PROBLEM TO SOLVE - Drop every picture, then print the rest of the listing exactly as given.

DATA FOR THIS TASK -
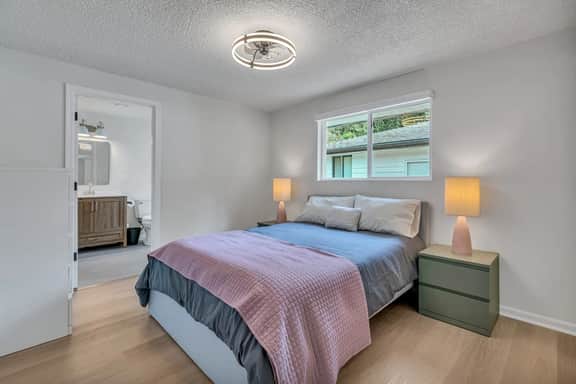 Remodeled 3BR Kent Retreat – Near Medical Centers & Freeways - Image 5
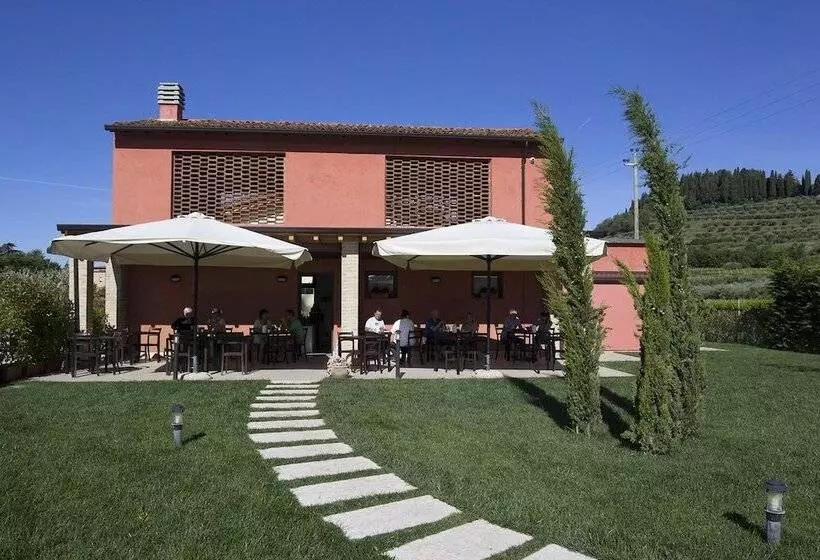 ホテル Agriturismo La Rocca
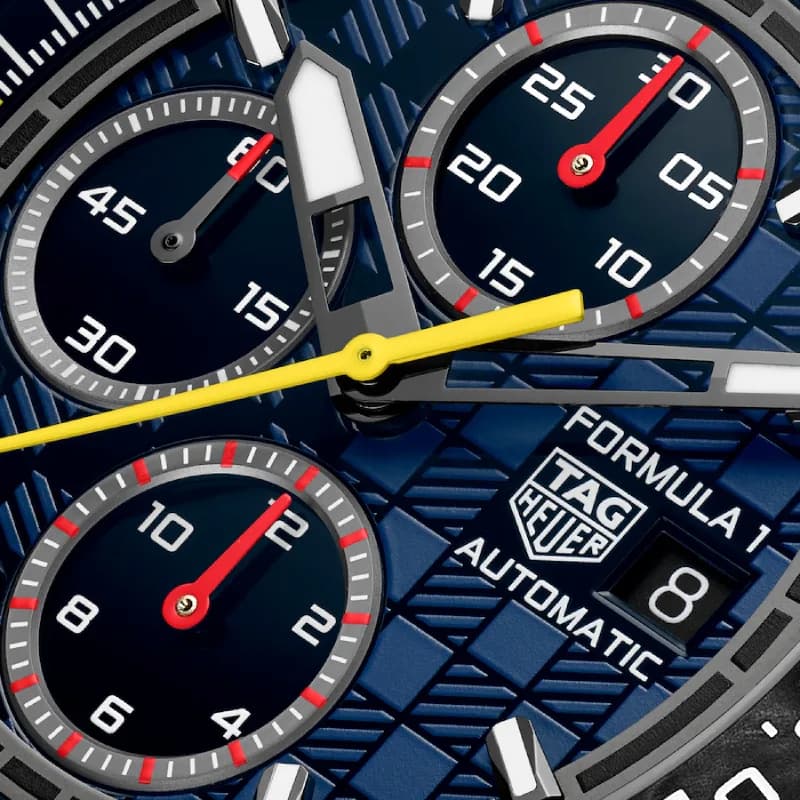 تگ هویر Formula 1 Chronograph x Oracle Red Bull Racing Automatic 44 تیتانیوم | صفحه آبی با جزئیات قرمز و زرد و بند رابر آبی | رفرنس CBZ2080.FT8091 — تصویر ۳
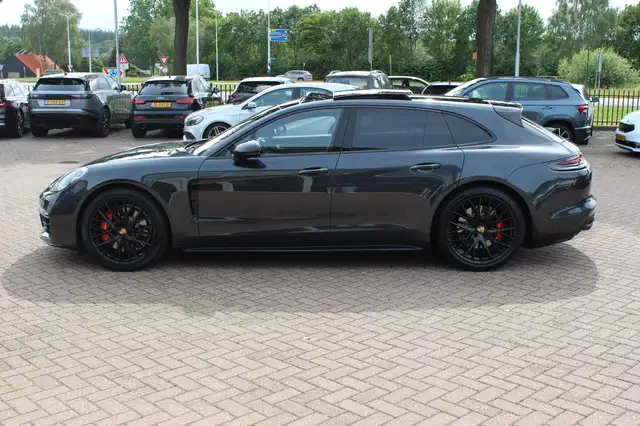Porsche Panamera view 7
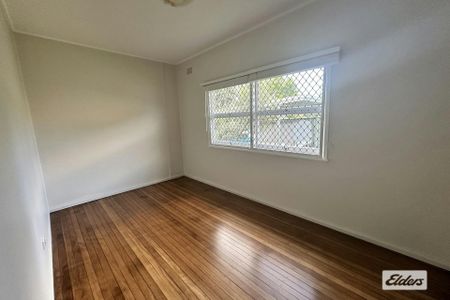 Light and airy 3 bedda, Walk to Hospital. - Photo 3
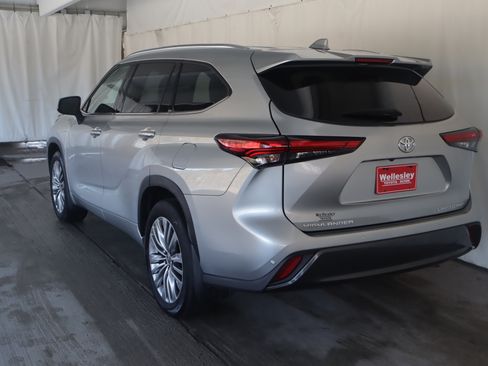 Used 2023 Toyota Highlander Limited image 18
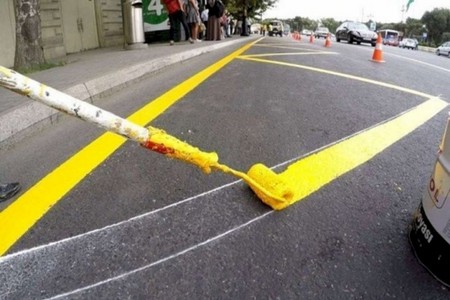Azərbaycanda yolların nişanlanması və rənglənməsi 45 milyon manata başa gələcək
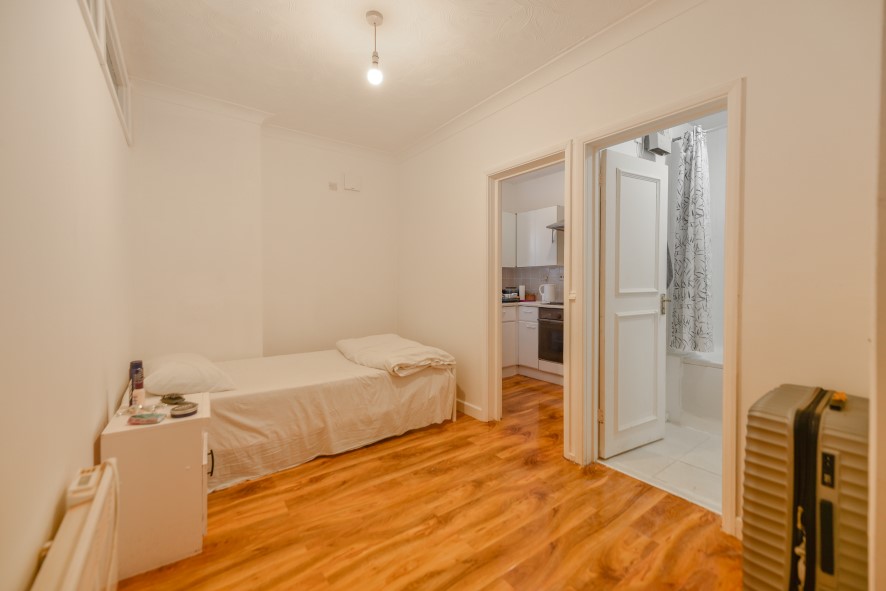 Property for Auction in Bedfordshire and Buckinghamshire - Flat 1, Hadley Court, Luton, Bedfordshire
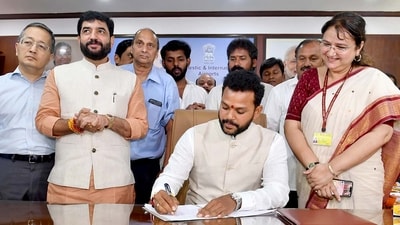 Kinjarapu Rammohan Naidu assumes charge as the Union Minister of Civil Aviation, in New Delhi. (ANI) Kinjarapu Rammohan Naidu assumes charge as the Union Minister of Civil Aviation, in New Delhi. (ANI)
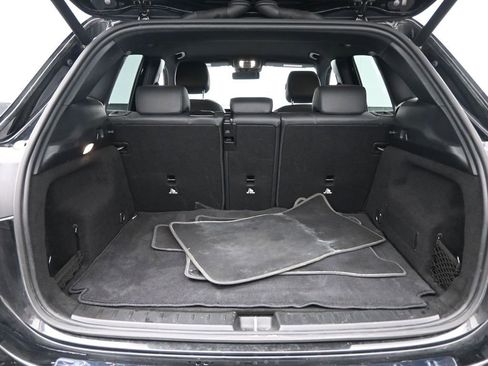 Used 2025 Mercedes-Benz GLA 250 4MATIC image 28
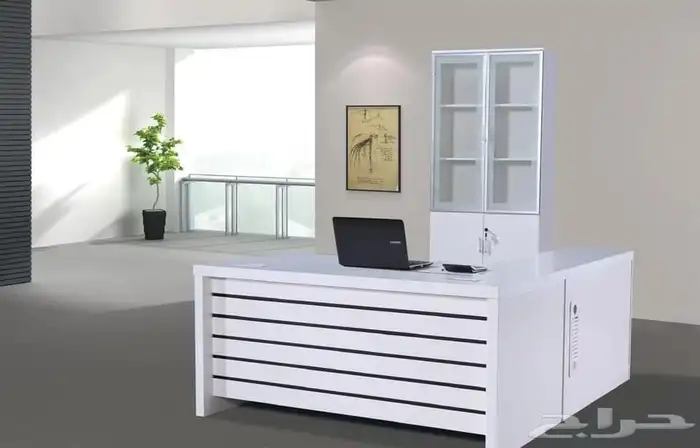 اثاث المكتبي جاهز لبيع تخفيضات مميزة العام نهاية ألسنه 57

OUTPUT BELOW -
 Remodeled 3BR Kent Retreat – Near Medical Centers & Freeways - Image 5
 ホテル Agriturismo La Rocca
 تگ هویر Formula 1 Chronograph x Oracle Red Bull Racing Automatic 44 تیتانیوم | صفحه آبی با جزئیات قرمز و زرد و بند رابر آبی | رفرنس CBZ2080.FT8091 — تصویر ۳
Porsche Panamera view 7
 Light and airy 3 bedda, Walk to Hospital. - Photo 3
 Used 2023 Toyota Highlander Limited image 18
Azərbaycanda yolların nişanlanması və rənglənməsi 45 milyon manata başa gələcək
 Property for Auction in Bedfordshire and Buckinghamshire - Flat 1, Hadley Court, Luton, Bedfordshire
 Kinjarapu Rammohan Naidu assumes charge as the Union Minister of Civil Aviation, in New Delhi. (ANI) Kinjarapu Rammohan Naidu assumes charge as the Union Minister of Civil Aviation, in New Delhi. (ANI)
 Used 2025 Mercedes-Benz GLA 250 4MATIC image 28
 اثاث المكتبي جاهز لبيع تخفيضات مميزة العام نهاية ألسنه 57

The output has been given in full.